This e-conversion is the work of Oxfordshire based Electrogenic. It specialises in kits for Land Rovers, there’s the inevitable (controversial) Porsche 911 offering and it’ll even make a DeLorean less awful. But the package that interests me most is the Classic Mini Conversion, because it’s a self-install job.

Yep, like a GM ‘crate V8’ in the US, this is a powertrain swap you can order online and do yourself. In simple steps: drop the sub 1.0-litre engine and original subframe, swap brakes and suspension onto a new Electrogenic subframe with e-motor attached, and mate it to your donor Mini.

 

Saving yourself a few quid on labour might appeal when you learn that the kit price itself is £25k for a 90bhp motor (plus VAT) and this 135bhp version is £30k. Plus VAT, donor car not included.

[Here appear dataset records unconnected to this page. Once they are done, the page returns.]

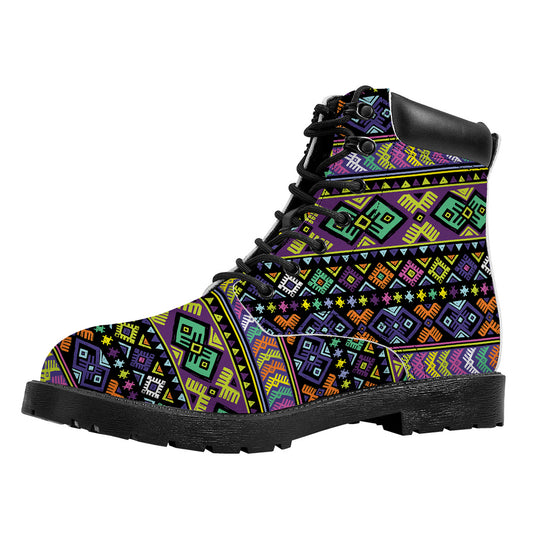 Colorful Native Navajo Tribal Print Work Boots
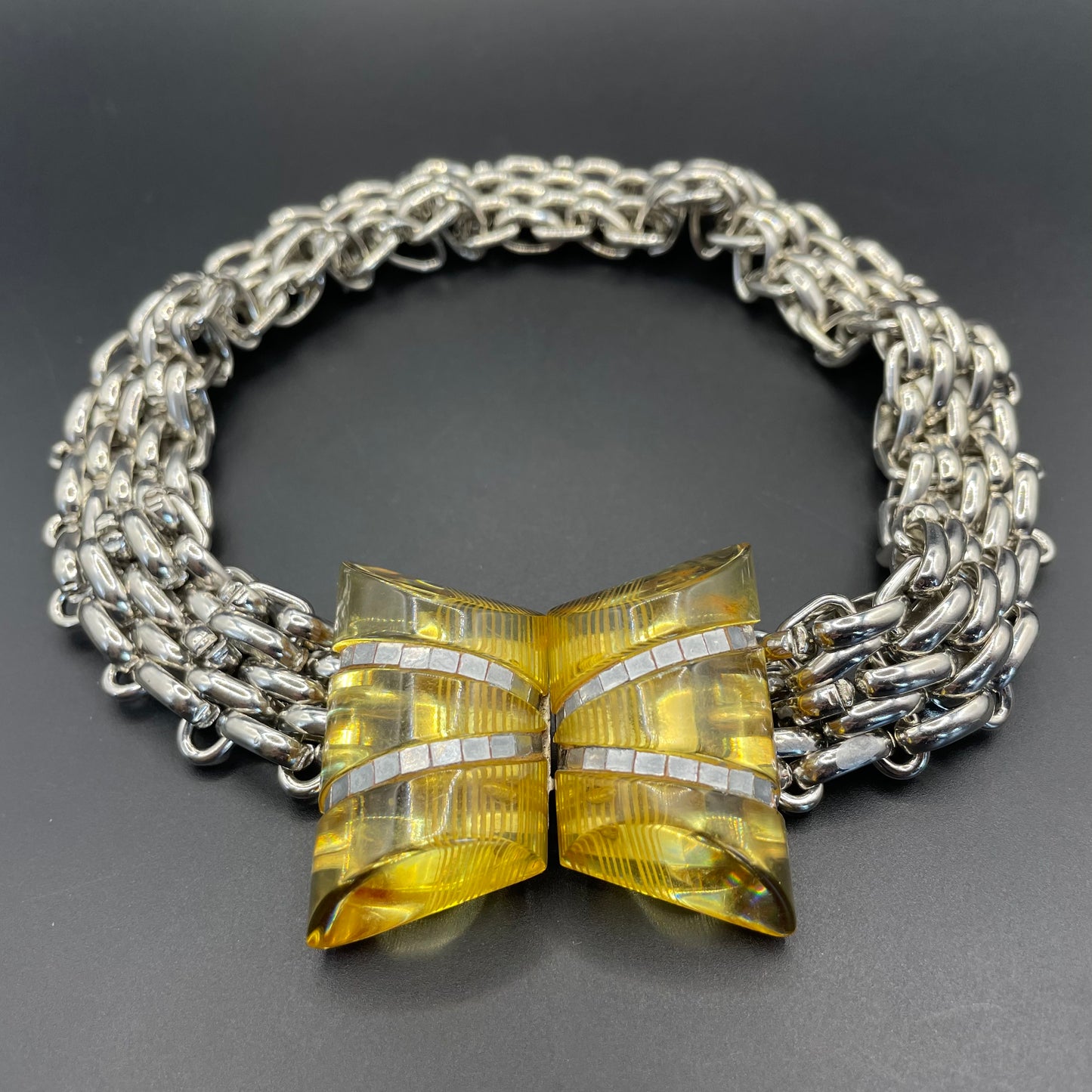 Vintage Art Deco apple juice yellow Bakelite buckle as clasp to silver tone machine age collar necklace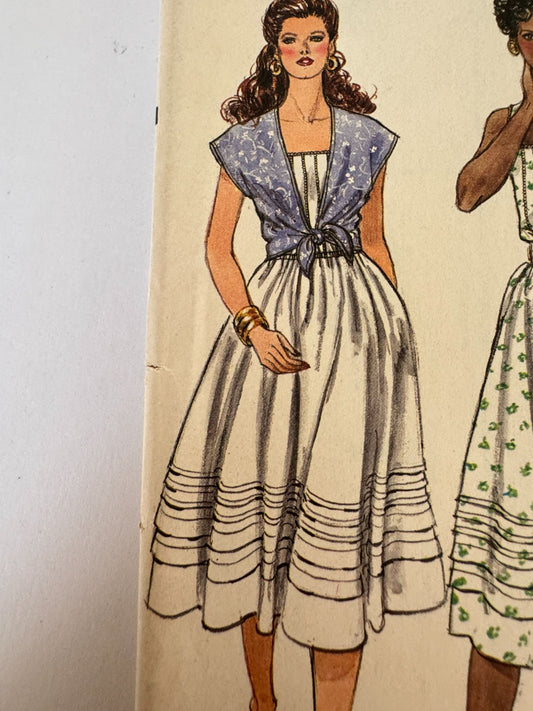Vogue Sewing Pattern 8299 1980s Full Skirt Summer Dress Fit and Flare 8 UC Rare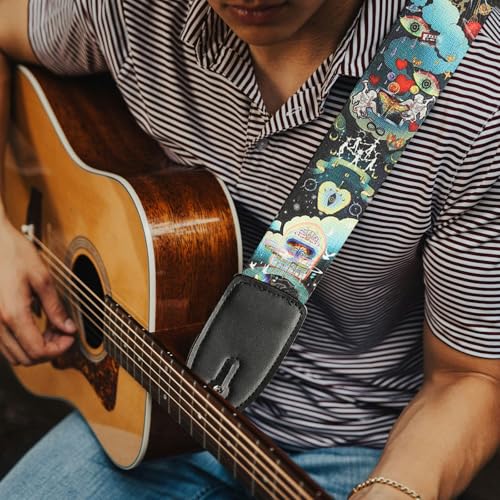 Cobahom 2 Pack Guitar Strap with Leather Ends, Adjustable Guitar Straps for Electric Acoustic Guitar, Soft Guitar Straps with 8 PCS Guitar Picks (Multicolor) - Image 2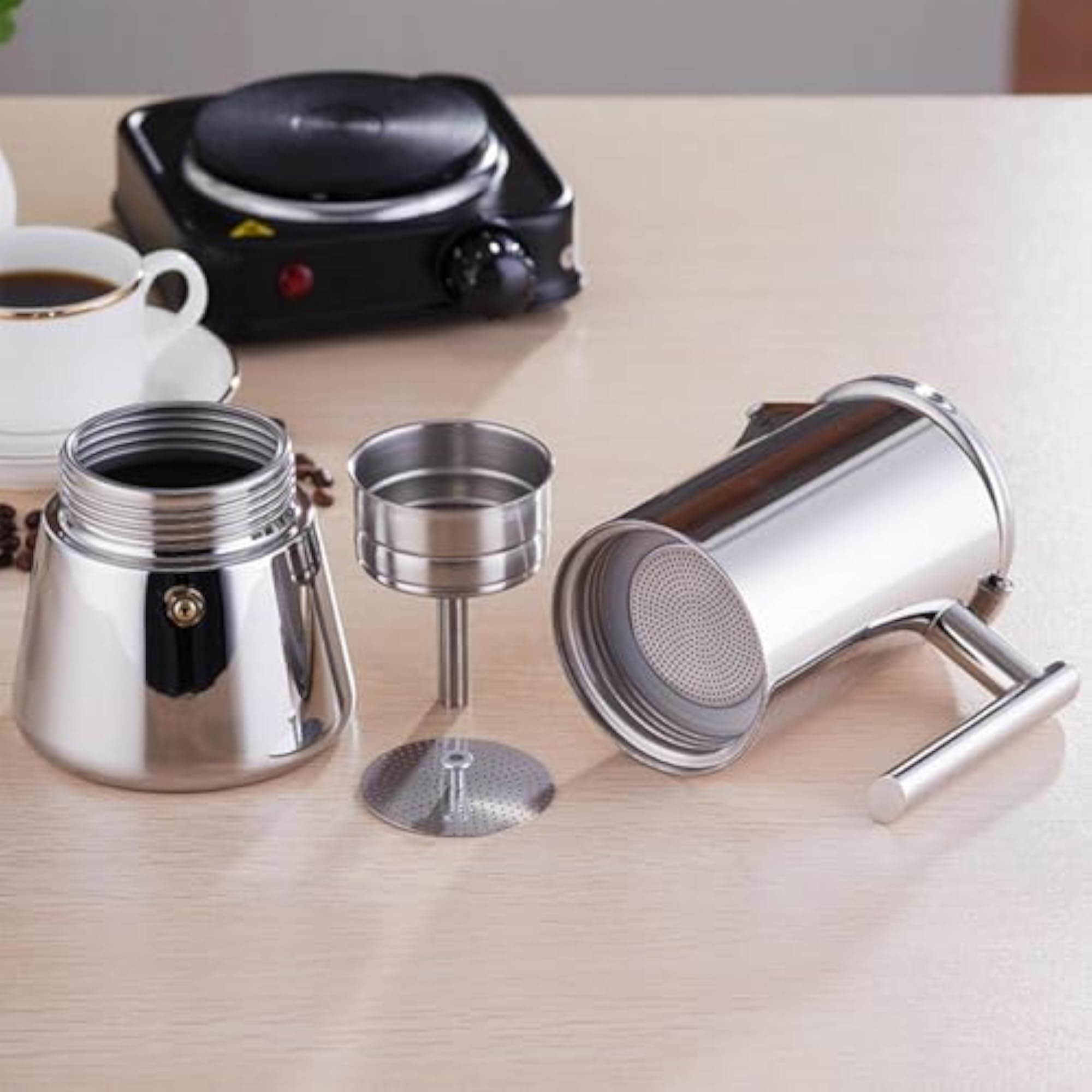 Moka Pot 6 Cup Stovetop Coffee Maker for Home & Camping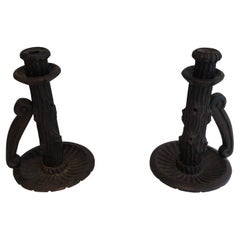 Vintage Pair of Tall Brutalist Candle Holders Made of Carved Wood, French, circa 1950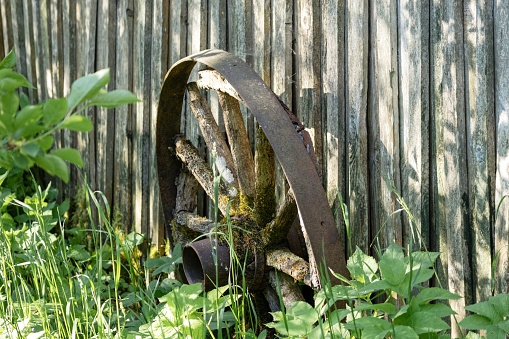 an old wheel of a horse-drawn carriage leaning against a boarded wall in the grass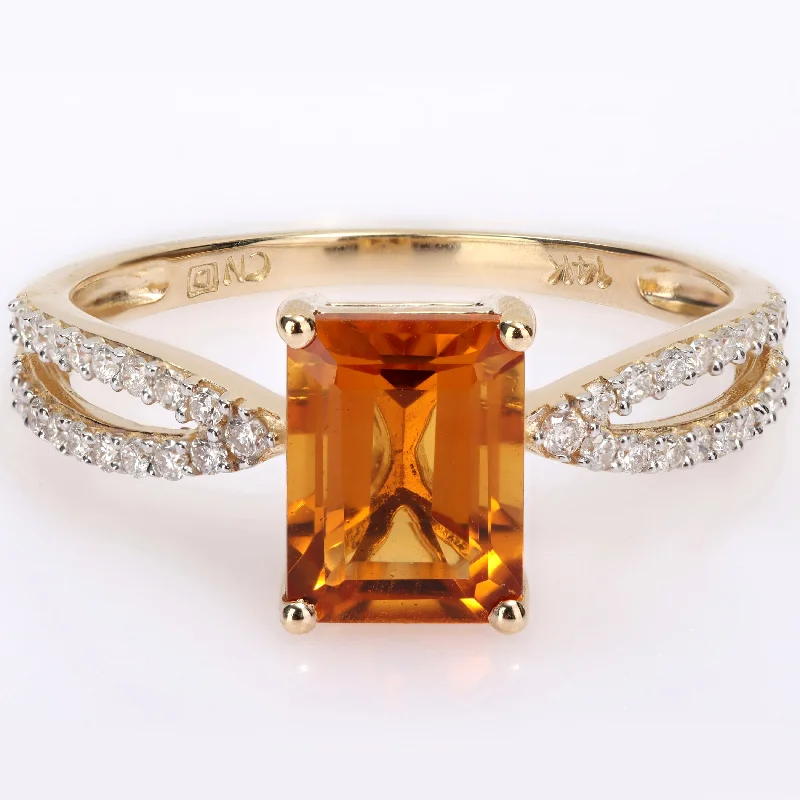 Topaz Gemstone Rings in 10K Gold with a Channel - Set Design for a Contemporary and Durable OptionMiadora Octagon Madeira-Citrine and 1/5ct TDW Diamond Split Shank Cocktail Ring in 14k Yellow Gold Topaz Gemstone Rings in 10K Gold with a Channel - Set Design for a Contemporary and Durable OptionMiadora Octagon Madeira-Citrine and 1/5ct TDW Diamond Split Shank Cocktail Ring in 14k Yellow Gold
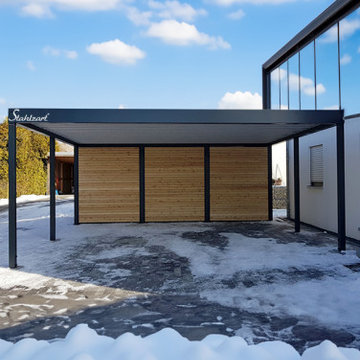 Perfektion in Stahl und Holz: Entdecken Sie unseren modernen Doppelcarport!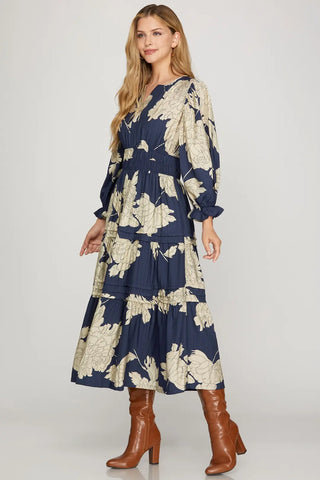 Navy Tiered Floral Print Woven Midi Dress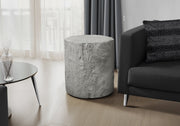 Accent Table 25"H Grey Round Tree Stump Design-Accent Table-DECOROLALA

So, this isn’t a bargain city car, and neither is it necessarily the greenest way to go motoring because as we know, the largest part of an EV’s carbon emissions come in the creation of its battery. Here, the body’s manufacture happened six decades ago, but the new powertrain is going to take a while to offset.

Why bother? I suppose it’s the peace of mind that these conversions make classics so much more usable for people who don’t like to spend their Sundays elbow deep in an oily pit “tinkering with the old girl”. The lion’s share of Electrogenic’s business is exported to America. Whether you like the idea or think it’s sacrilege, there’s apparently a healthy market for mixing the impossibly cool Carnaby Street aesthetic with the push and go operational ease of an iPhone.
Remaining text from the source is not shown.